ねんきん定期便をきっかけに老活してみることに

なぜ、残業はなくならないのか〜を読んで

肩書きは”働き方評論家”だそうです。
実際にサラリーマンを経験されたのち、大学院に戻って研究活動に専念しているとのこと。
最近よく耳にする「働き方改革」についての厳しいご意見や、独自の提言などが伺えるか、と期待して読んでみました。

さて、なぜ残業はなくならないか?
答え:残業した方が、労使ともに合理的だから。
おしまい。

ある業務が増えた時に、人を増やすとその分人件費がかかるけど、残業代を払うことで済ませられれば、コストがかからずに済みます。
うっかり増やしてしまった職員は、すぐには首にできないので、あとで業績が悪化したら、困るというリスクも生じない。
一方で、労働者からすれば、仕事は増えるけど、収入も増えるので嬉しい。
なので、双方win-winの関係でもある。

さらにそこに日本独特の働き方とか、同調圧力とかも加わっての残業大国日本、という結論なのでした。

でも、それでは短期的には良いとしても、やがては残業して長時間労働ができる労働者しか働けないことになり、子育てや介護で一旦離職した労働者は戻ってこないし、過労で脱落した労働者も戻ってこないし、で労働者人口は減ってしまう。
子育てがリスクになるから、子供を持とうという若者も減って人口は減少するし、そうしてだんだん社会も活力を失ってしまう、という話でもあります。

それでは、国としてもよくないから、なんとかしよう。
ということでの、働き方改革。
だけれども、言葉だけが一人歩きして、方法が目的化して、何が何だかわからなくなっていませんか?
耳には聞こえの良い「改革」はしたけど、実際は、サービス残業が増えただけどか、労働時間の隠蔽とか、ちっとも労働環境はよくなってないんじゃないですか?

というのが、この本の言いたいことみたいです。

でも人のアイディアにケチつけるのって割と簡単だと思うのです。
「ここが問題だから、こういう風に変えたらいいと思う」という意見が知りたくて読んだんですけど、なんだか肩透かし感あり。
それに「ここが問題」というところも、ちょっとよくわかりませんでした。

全体的に、「データの解釈には注意が必要」とか、「という可能性がある」とか言った表現が多くて、曖昧な感じがすごくする。
トヨタ方式が良いらしいけど、たまたま著者が体験したからおすすめです、という食レポみたいな話。

電通の高橋まつりさんの過労自死問題も取り上げられていますが、「で、結局、どうしたらいいの?」で終わり。

そういうケチをつけている、お前自身の意見はないのか?
と言われれば、そうなんですけど。
でも、自分の意見を持ちたい、と思って読んだ本なのに、なんか得るものが、あまりなかったな。

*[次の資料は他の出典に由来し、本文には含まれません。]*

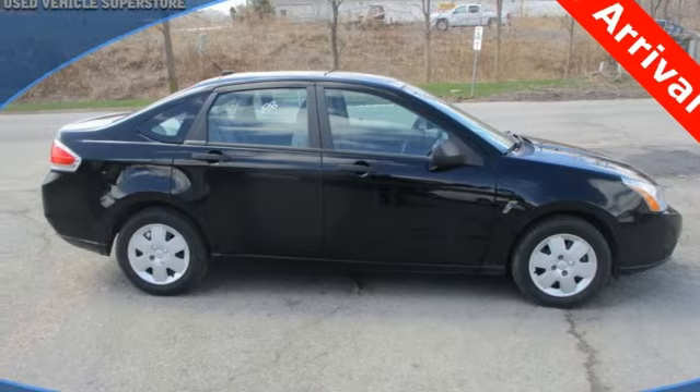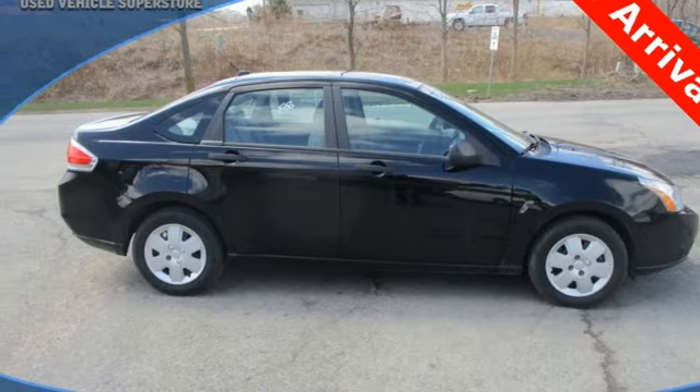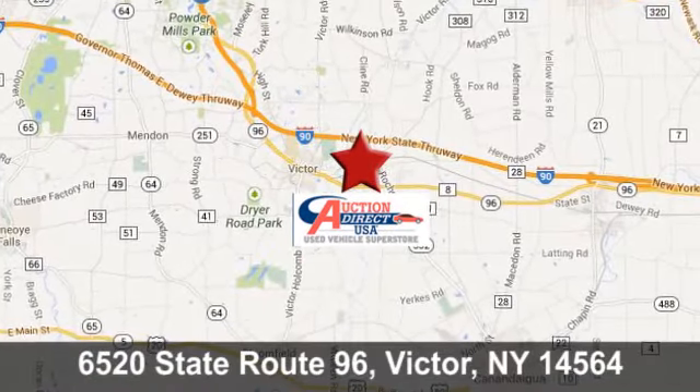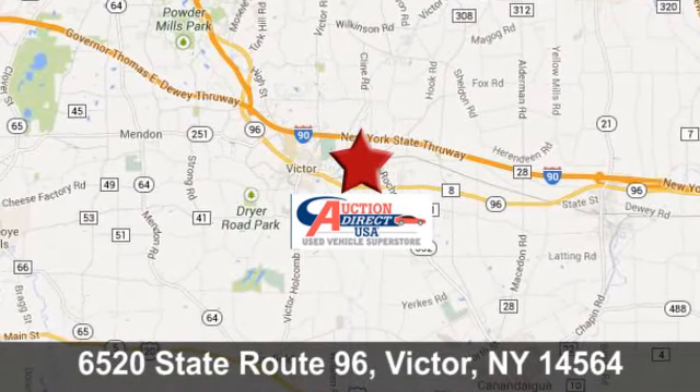Come on in and take this one for a test drive today. Auction Direct USA Victor — we're conveniently located at 6520 State Route 96 in Victor, New York.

私はすでに非正規雇用者の一人なので、この本で論じられている労働者ですらないから、いまいちピンと来なかったのかもしれません。

途中、著者が経験したサラリーマン生活のこととか、自分で工夫している時短テクニックとかが載ってましたが、そういうのって、普通にライフハック系のブログ読めばいっぱい書いてある。
ちょっと、気持ちが上滑りしちゃったのかな?
というのが感想です。

とりあえず、残業って、それがそれなりに利得の得られるものであるうちは、なくならない。
でも、残業し放題させ放題の社会は、結局、立ち行かなくなるから、なんとかしなくちゃね、ということはわかりました。

他の著作も読んでみようかな、とは思います。